I need to write the value of the input title
to a file, but when I try to convert the string to UTF-8
it always throws an error:
UnicodeDecodeError: 'ascii' codec can't decode byte 0x8f in position 2: ordinal
not in range(128)
I have been looking around and see I need my string to be in the form u"foo"
to call .encode()
on it.
When I run type()
on my input from argparse
I see:
<type 'str'>
I am looking to get a response of:
<type 'unicode'>
How can I get it in the right form?
Idea:
Modify argparse
to take in a str
but store it as a unicode string u"foo"
:
parser.add_argument(u'title', metavar='T', type=unicode, help='this will be unicode encoded.')

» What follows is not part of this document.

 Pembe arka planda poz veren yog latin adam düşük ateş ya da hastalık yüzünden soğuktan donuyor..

This approach is not working at all. Thoughts?
Edit 1:
Some sample code where title
is 22少女時代22
:
inputs = vars(parser.parse_args())
title = inputs["title"]
print type(title)
print type(u'foo')
title = title.encode('utf8') # This line throws the error
print title
It looks like your input data is in SJIS encoding (a legacy encoding for Japanese), which produces the byte 0x8f at position 2 in the bytestring:
>>> '22少女時代22'.encode('sjis')
b'22\x8f\xad\x8f\x97\x8e\x9e\x91\xe322'
(At Python 3 prompt)
Now, I'm guessing that to "convert the string to UTF-8", you used something like
title.encode('utf8')
The problem is that title
is actually a bytestring containing the SJIS-encoded string. Due to a design flaw in Python 2, bytestrings can be directly encode
d, and it assumes the bytestring is ASCII-encoded. So what you have is conceptually equivalent to
title.decode('ascii').encode('utf8')
and of course the decode
call fails.
You should instead explicitly decode from SJIS to a Unicode string, before encoding to UTF-8:
title.decode('sjis').encode('utf8')
As Mark Tolonen pointed out, you're probably typing the characters into your console, and it's your console encoding is a non-Unicode encoding.

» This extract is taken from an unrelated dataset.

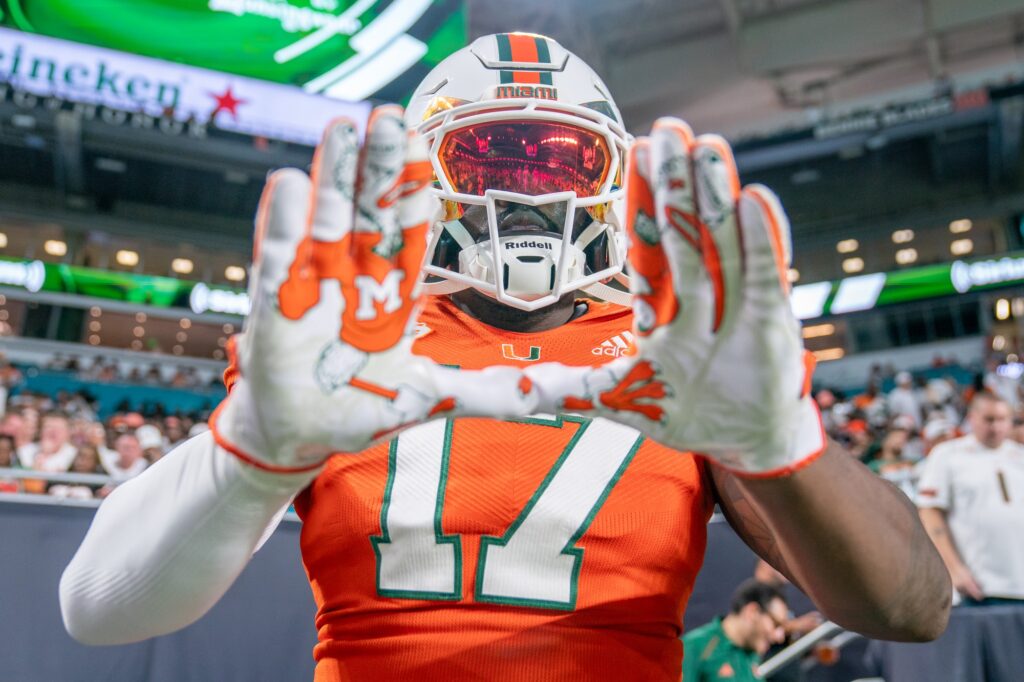 ‘Canes Superman and season ticket-holder Shelton Douthett throws up the U before being recognized on-field in the third quarter of Miami’s game versus Clemson at Hard Rock Stadium on Oct. 21, 2023.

So it turns out your sys.stdin.encoding
is cp932
, which is Microsoft's variant of SJIS. For this, use
title.decode('cp932').encode('utf8')
You really should set your console encoding to the standard UTF-8, but I'm not sure if that's possible on Windows. If you do, you can skip the decoding/encoding step and just write your input bytestring to the file.
Setting type=unicode
is like using unicode(arg)
which defaults to decoding with ascii
on Python 2.X. If running from the console, sys.stdin.encoding
is the encoding used for input, so something like:
inputs = vars(parser.parse_args())
title = inputs["title"]
print type(title)
print type(u'foo')
title = title.decode(sys.stdin.encoding)
print title
Something that should work no matter the encoding on Windows is the mbcs
encoding, which represents the current encoding used by non-Unicode Windows programs. That seems to be what argparse
is using, because I sys.stdin.encoding
is the OEM console encoding which isn't always the same as the Windows encoding. On US Windows, cp437
is the console OEM encoding and cp1252
is the Windows encoding:
import argparse
import codecs
parser = argparse.ArgumentParser()
parser.add_argument(u'title', metavar='T', type=str, help='this will be unicode encoded.')

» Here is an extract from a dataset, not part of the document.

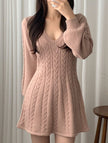 White FJØRNA retro cable knit V-neck fitted dress, showcasing a close-up of the textured knit and classic silhouette.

opts = parser.parse_args()
title = opts.title.decode('mbcs')
with codecs.open('out.txt','w',encoding='utf-8-sig') as f:
f.write(title)
out.txt
should show the original input in Notepad.
The utf-8-sig
encoding writes the so-called byte order mark (BOM) that Windows likes at the beginning of UTF-8 files. utf-8
can be used if that is not desired, but Notepad likes it.
So, this actually works for me:
import argparse
parser = argparse.ArgumentParser()
parser.add_argument(u'title', metavar='T', type=str, help='this will be unicode encoded.')
opts = parser.parse_args()
print opts.title.decode('utf8')
My terminal emulator (OS X Terminal.app) uses UTF-8. If your terminal is not configured for UTF-8 operation, then it won't work (and then it's a terminal problem, not a Python issue).